En las últimas décadas, después de que el experimento neoliberal volara por los aires y dejara un país para pocos, el sector popular hizo de la necesidad virtud. Mostró que las estrategias de supervivencia individual pueden convertirse en un proyecto colectivo solidario, que es posible organizar el proceso productivo de otra forma, con el ser humano y sus derechos en el centro. Con sus inevitables claroscuros, las experiencias protagonizadas por los trabajadores excluidos del mercado laboral ofrecen un horizonte social emancipatorio y esperanzador. Bien leídas son un potente antídoto contra el individualismo y la fragmentación en el campo popular. El gobierno es consciente de las peligrosas enseñanzas que anidan en las luchas de los de abajo. Su misión es restaurar el equilibrio perdido, normalizar la patria oligárquica.
La volátil cartera de Capital Humano tomó a su cargo esta ignominiosa tarea. Avanza en el deterioro de las condiciones de vida y trabajo de los más pobres; en la destrucción de una de las pocas tablas de salvación que tenían a mano un millón y pico de cooperativistas. Esa es, en definitiva, la triste función que están cumpliendo los dos programas que reemplazan al Potenciar. En esa clave hay que mirar también la reducción de las partidas presupuestarias destinadas a los programas sociales y la inversión en la ecuación del gasto. Aunque todavía está por verse si la estrategia logrará imponerse. No debe olvidarse que el gobierno dirige sus ataques contra la fracción más dinámica del campo popular. En estos decenios fueron los trabajadores del sector, último orejón del tarro de la clase trabajadora, quienes mostraron mayor predisposición y pericia al bregar por la necesaria unidad de los que viven de su laburo. Y hoy siguen siendo, a fin de cuentas, los que muestran mejores reflejos para resistir y organizarse en torno a un proyecto de sociedad superador.
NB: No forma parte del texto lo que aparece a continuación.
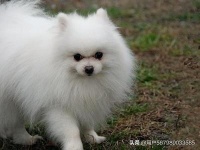 挑选博美适口泡软狗粮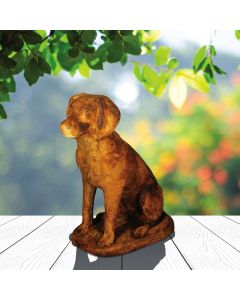 Labrador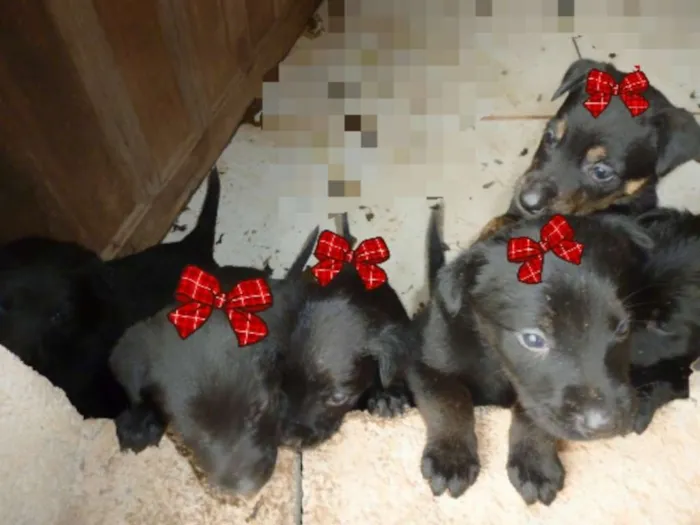 Cachorro raça RAFEIRO/PRETO idade Abaixo de 2 meses nome FOFINHOS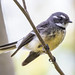 Grey Fantail 2026-09-12 (7D_182A7023)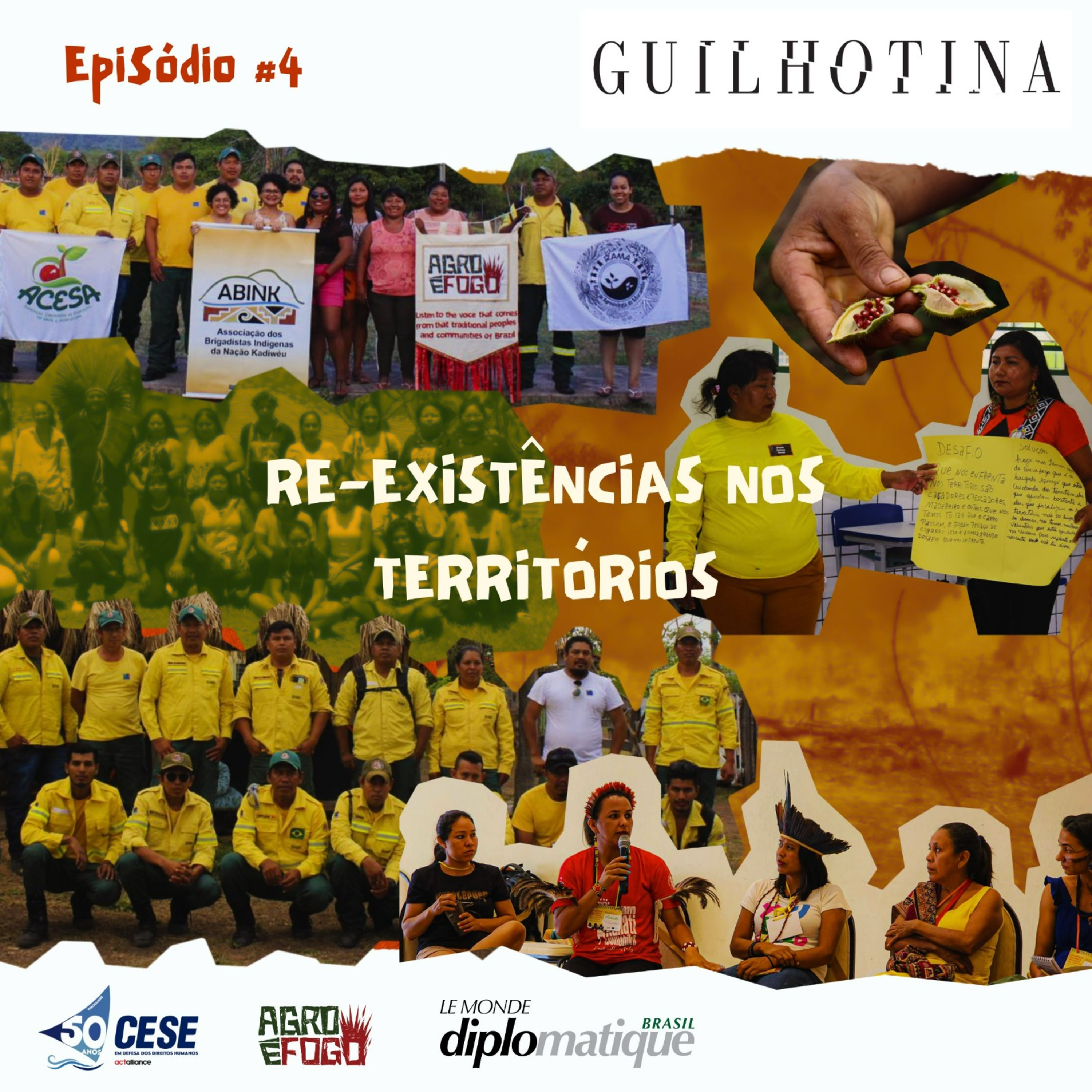 #Episódio 4 | No rastro do fogo: agronegócio e a destruição do Cerrado episode artwork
Sin embargo, la amenaza es grande. Si la hoja de ruta del gobierno prospera, el daño puede ser mayor. La política social de Capital Humano incentiva el desconcierto del sálvese quien pueda. En caso de escalar, puede llegar a debilitar la fibra comunitaria y solidaria que nutre al sector. Este es el objetivo final de la trinchera de Pettovello. Más que entorpecer el funcionamiento de la economía popular, lisa y llanamente desaparecerla. Por eso pretende desalentar actuales y futuras generaciones de recicladores urbanos, costureras, cuidadoras comunitarias, albañiles, vendedores públicos, agricultores familiares… y varios etcéteras más de excluidos del circuito formal que lograron organizarse en cooperativas, ramas, sindicatos, federaciones y uniones de trabajadores populares. Si el gobierno tiene éxito, ellos serán los nuevos desaparecidos sociales. Toda una declaración de principios para los millones de compatriotas -dentro y fuera del ex Potenciar-, a quienes el mercado laboral no puede ni necesita absorber bajo el actual funcionamiento del capitalismo argentino. Tolerarla no es solo convalidar un claro retroceso en materia de política pública; es dar un peligroso paso hacia el abismo de la deshumanización, apretar el acelerador del suicidio colectivo al que nos induce la mundialización del descarte.